Sunday, June 7, 2009

Mostly happy trails: Haute Greek cuisine

There’s very little theoretical learning in culinary school. Damned near all of the knowledge is imparted via the practical, hands-on approach. But there’s practical and then there’s practical.

And so begins my secondary learning, a little process called stagiaire or trailing. Or as it should be called, short-term slave labor. Basically an aspiring chef agrees to work a shift at a restaurant in the hope that you’ll learn a bit more and get a job offer later on.


My first trail was a two-day stint at Anthos, a fine dining Greek restaurant in Midtown. Despite the fact that my two-day trail combined with my usual 4-hour school day for a relaxing 17-hour day cooking, it was a great experience. The menu there is fairly impressive, they work with a lot of fish, and the people were very nice.

I also got to learn a little about line cooking jargon. At one point the co-owner of the joint, Donatella Arpaia, sat down with some guests, including who I think was actor Kyle McLaughlin. We were told to "fire" their meals "very VIP." That translates into "cook" your meals "extremely well, because if you fuck it up we'll gut you on the spot."

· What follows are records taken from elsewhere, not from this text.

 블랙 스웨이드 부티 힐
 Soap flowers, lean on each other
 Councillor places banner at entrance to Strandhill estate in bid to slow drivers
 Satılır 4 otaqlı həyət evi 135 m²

My first day trailing at Anthos was spent almost wholly prepping, with mixed success: julienning red onions (the cuts seemed fine but I didn’t cover them properly and thus stunk up the fridge, slightly pissing off the pastry chef); cutting oyster mushrooms; rolling cheese balls; and picking beans, among other things.

The second day was much better. I did a little prep, but I also got to work the deep-fry station. It’s not much more glamorous than a stint at McDonald’s, but it was a good entre into the world of restaurants for someone who has no such experience. I was in charge of prepping meze—Greek appetizers that are typically brought out as a complement from the chef—for diners as soon as they were seated.

They consisted of Greek-style mini-hot dogs (using pita bread, pomegranate ketchup and mustard seeds) and a small plate of deep fried cheese balls, sweetbreads, aqualemon foam, tipiti sauce and mini-pita.

Aqualemon foam
2 eggs, separated
2 oz. lemon juice
salt to taste
1 oz. chicken stock

Whip the two egg whites, the lemon juice and a good amount of salt in a blender until moderately stiff peaks form and it tastes very lemony and very salty. Take the two egg yolks and some chicken stock and heat it briefly (in a microwave for 8 seconds or over very low heat). The egg yolk mixture should not scramble at all. Then pulse the yolk mixture into the peaks. Et voila.

Or, as the Greeks would say, εκεί.

1 comment:

  1. Heard about that place...can't believe they trusted you with hot oil.